Slow Cooker Balsamic Roast with Mushrooms and Parsnips
- 5 large carrots, chopped into 2 inch sticks
- 1 large or 2 small parsnips, chopped
- 1 large yellow onion, sliced
- 8 ounces button mushrooms, halved
- Salt and Pepper
- 2 Tablespoons olive oil
- 2-3 lb. rump roast (also called bottom round roasts)
- 1 1/4 cup beef stock
- 1/3 cup balsamic vinegar
- 1/2 cup tomato sauce
- 1 Tablespoon brown sugar
- 2 teaspoons garlic
- Place the prepped vegetables in the bottom of your slow cooker. Season generously with Kosher salt and pepper. Toss to combine.
- In a large skillet, heat the oil over medium high heat. Sprinkle the roast generously with Kosher salt and black pepper then place it in the hot pan. Brown for 3-4 minutes on each side then remove the roast and nestle it in the slow cooker with the vegetables. Pour 1/4 cup of the beef broth into the pan and use a metal spatula to scrape up any browned bits. Pour this mixture into the slow cooker along with the remaining beef broth. Whisk together the balsamic, tomato sauce, brown sugar, and garlic and pour it over everything. Cover the slow cooker and cook for 8 hours on low.

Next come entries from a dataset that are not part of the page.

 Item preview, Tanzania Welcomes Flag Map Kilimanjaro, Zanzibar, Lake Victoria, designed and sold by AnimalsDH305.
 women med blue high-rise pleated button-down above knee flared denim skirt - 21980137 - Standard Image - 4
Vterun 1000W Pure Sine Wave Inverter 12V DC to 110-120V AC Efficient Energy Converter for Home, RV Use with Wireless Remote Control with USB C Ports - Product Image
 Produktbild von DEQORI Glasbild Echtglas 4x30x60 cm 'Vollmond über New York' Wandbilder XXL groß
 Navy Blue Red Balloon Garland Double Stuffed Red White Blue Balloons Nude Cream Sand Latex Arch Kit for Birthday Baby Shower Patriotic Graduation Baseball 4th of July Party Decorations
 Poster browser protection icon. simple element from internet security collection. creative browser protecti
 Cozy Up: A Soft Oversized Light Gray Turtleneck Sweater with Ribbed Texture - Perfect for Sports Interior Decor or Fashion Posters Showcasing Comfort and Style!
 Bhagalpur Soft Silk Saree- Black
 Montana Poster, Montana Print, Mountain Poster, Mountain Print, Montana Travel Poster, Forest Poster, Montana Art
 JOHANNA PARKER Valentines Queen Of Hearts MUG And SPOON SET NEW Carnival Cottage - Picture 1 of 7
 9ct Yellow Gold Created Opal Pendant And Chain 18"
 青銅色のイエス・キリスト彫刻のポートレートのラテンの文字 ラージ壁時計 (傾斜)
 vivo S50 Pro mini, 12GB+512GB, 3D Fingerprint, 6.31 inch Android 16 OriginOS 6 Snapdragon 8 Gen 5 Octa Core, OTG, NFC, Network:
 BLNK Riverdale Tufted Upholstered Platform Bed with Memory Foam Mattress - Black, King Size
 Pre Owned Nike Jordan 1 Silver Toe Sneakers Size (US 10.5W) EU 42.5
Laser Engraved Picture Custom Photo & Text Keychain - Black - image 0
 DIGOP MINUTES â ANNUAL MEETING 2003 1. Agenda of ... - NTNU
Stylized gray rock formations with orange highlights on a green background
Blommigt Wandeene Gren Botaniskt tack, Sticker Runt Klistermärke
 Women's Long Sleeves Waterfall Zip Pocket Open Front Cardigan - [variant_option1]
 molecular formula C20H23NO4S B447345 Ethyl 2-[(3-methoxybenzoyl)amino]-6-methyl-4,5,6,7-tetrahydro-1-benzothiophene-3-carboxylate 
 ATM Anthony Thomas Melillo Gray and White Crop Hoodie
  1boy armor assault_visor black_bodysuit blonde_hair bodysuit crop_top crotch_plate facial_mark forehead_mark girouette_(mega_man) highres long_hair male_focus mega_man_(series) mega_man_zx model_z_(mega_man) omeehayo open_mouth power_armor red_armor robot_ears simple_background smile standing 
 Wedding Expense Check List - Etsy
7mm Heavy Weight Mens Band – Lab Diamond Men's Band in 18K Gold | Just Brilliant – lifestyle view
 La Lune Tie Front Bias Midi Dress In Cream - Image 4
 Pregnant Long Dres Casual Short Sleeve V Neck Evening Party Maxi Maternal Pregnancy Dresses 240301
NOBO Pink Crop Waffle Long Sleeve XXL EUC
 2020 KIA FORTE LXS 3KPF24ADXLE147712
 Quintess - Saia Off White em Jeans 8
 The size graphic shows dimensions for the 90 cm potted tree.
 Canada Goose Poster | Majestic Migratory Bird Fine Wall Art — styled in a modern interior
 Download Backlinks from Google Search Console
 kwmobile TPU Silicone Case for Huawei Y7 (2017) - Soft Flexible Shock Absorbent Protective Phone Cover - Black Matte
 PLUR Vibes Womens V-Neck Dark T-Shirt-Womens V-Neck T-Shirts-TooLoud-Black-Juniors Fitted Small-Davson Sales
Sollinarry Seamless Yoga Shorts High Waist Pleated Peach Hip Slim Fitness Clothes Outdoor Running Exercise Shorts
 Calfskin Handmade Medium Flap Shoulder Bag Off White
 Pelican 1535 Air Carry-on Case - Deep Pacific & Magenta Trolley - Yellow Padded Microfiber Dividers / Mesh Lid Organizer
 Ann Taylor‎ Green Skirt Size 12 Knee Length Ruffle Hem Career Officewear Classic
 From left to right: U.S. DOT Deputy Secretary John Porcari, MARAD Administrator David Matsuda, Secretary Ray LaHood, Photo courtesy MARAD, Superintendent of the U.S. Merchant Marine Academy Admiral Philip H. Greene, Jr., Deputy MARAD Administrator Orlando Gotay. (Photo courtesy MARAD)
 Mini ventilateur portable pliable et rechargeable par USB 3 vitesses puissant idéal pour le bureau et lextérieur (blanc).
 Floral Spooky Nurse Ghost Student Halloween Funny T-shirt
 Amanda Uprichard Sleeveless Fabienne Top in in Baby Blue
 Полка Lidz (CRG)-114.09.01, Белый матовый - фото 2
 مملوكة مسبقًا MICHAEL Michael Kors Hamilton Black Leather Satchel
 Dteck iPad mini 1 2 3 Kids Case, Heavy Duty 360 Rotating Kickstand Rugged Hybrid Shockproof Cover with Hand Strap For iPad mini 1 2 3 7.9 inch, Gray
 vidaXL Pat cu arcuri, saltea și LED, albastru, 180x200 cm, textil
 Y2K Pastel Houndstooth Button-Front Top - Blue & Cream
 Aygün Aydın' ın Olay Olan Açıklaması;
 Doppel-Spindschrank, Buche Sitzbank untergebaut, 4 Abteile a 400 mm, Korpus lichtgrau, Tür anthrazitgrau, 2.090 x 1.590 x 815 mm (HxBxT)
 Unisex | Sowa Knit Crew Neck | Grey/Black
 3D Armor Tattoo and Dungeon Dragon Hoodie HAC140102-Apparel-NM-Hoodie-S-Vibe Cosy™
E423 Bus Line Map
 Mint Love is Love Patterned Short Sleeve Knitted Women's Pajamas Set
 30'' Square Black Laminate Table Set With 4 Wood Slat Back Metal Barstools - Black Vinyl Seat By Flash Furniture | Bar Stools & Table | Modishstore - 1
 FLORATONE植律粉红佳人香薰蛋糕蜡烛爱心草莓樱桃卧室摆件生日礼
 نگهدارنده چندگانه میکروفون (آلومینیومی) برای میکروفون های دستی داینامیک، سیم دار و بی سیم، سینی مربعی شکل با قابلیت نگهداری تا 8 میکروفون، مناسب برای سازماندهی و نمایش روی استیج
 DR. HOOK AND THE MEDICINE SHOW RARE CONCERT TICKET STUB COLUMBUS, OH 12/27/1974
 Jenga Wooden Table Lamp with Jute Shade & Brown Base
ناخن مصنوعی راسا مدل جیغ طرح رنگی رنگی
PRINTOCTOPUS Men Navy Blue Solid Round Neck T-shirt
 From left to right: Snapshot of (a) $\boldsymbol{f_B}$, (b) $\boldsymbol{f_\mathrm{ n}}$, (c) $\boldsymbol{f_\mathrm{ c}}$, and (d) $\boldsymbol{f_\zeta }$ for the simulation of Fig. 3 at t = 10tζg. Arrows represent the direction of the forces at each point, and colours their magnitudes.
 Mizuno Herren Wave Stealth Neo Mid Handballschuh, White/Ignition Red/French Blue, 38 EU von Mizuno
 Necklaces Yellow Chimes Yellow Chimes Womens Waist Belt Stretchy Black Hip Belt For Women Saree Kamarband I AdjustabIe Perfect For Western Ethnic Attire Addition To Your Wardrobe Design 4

Chuck roast also works well in this recipe, but the meat will absolutely shred after coming out of the crock pot, so don't use a chuck roast if you're looking for slices.
Normally, 4 hours on high/8 hours on low works well for slow cooker recipes, but I've found with the bottom roast you really need the full 8 hours on low. It benefits from that extra long, slow cooking time!
This post is sponsored by Ohio Beef. As always, all opinions are my own.